Convolution Layers no Bias with batchnorm

nicozhou · February 23, 2022, 6:10pm

hi, i just wondering is it better to use bias=False when using batchnorm? Will our network break if not using disabling bias ?

Yuv · February 23, 2022, 10:19pm

It’s very hard to answer your question without more details about the problem you refer to.
Generally removing the bias may harm the performance but you can check it by trying.

nicozhou · February 23, 2022, 10:49pm

Yeah, so I was really confused, as some may say that :

Note that, since we normalize Wu+b, the bias b can be ignored since its effect will be canceled by the subsequent mean subtraction (the role of the bias is subsumed by β in Alg. 1).

This is what I got from batchnorm paper.

Yuv · February 23, 2022, 11:06pm

When using batch normalization you have a learnable parameter β which have the same role as bias when not using batch normalization.
Adding bias term to Wx will result in a new term when averaging in the batch normalization algorithm but that term would vanish because the subsequent mean subtraction, and that why they ignore the biases and this is the purpose of the β learnable parameter.

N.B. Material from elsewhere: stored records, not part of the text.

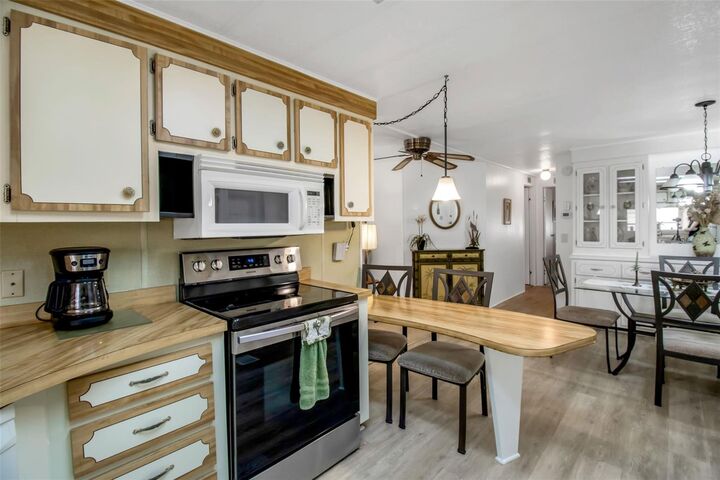 Property Photo:  5619 Bayshore Road 160  FL 34221 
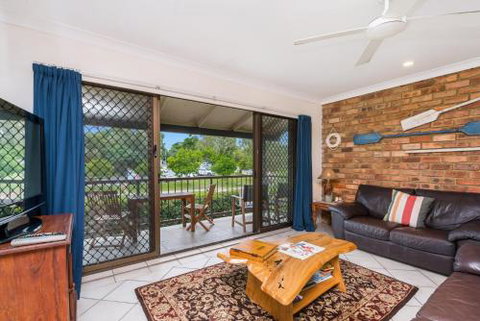 Atlantis - Sunshine Coast Guide 1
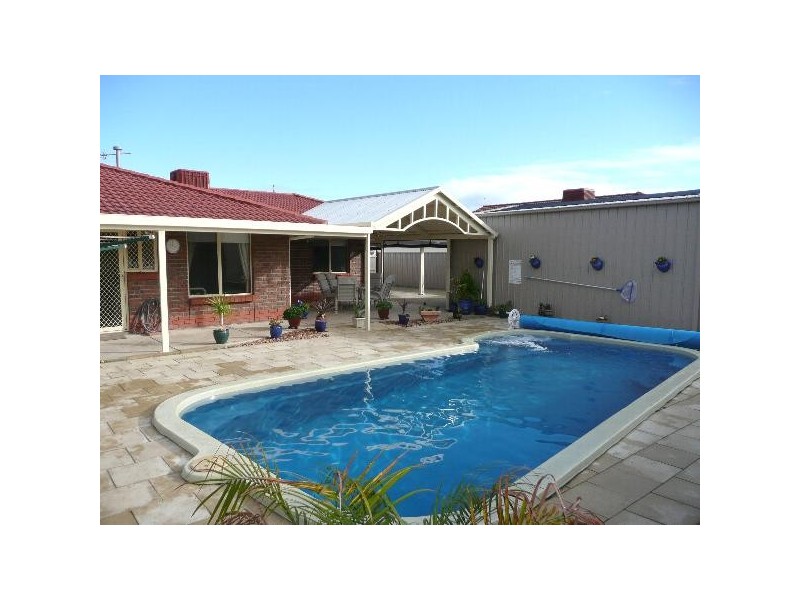 11 Brooks Circuit, Woodcroft SA 5162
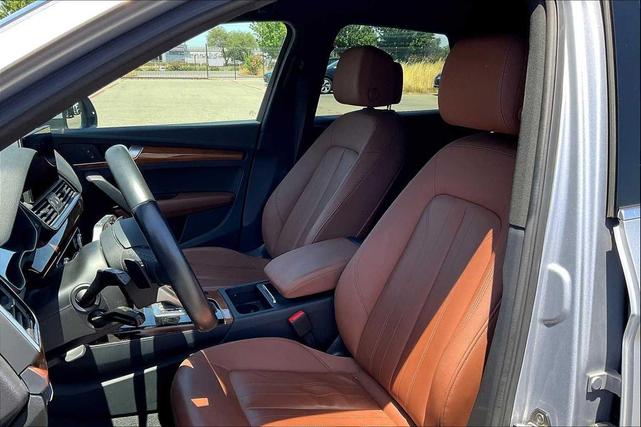 Photo of 2022 Florett Silver Metallic Audi Q5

nicozhou · February 24, 2022, 1:05am

So, it is safe to conclude that it is better to disable bias if we use batchnorm?

Eta_C · February 24, 2022, 5:55am

the bias b can be ignored since its effect will be canceled by the subsequent mean subtraction

# Convolution
y = w * x + b 

# Batch Normalization (without momentum updating)
z = (y - E(y_i)) / STD(y_i)

# note that we have
y - E(y_i) = w * x + b - E(w * x_i + b) = w * x - E(w * x_i)
STD(y_i) = Sqrt(Sigma(y - E(y_i)) + epsilon)

So, it is safe to conclude that it is better to disable bias if we use batchnorm?

If you use BatchNorm after convolution, the answer is YES.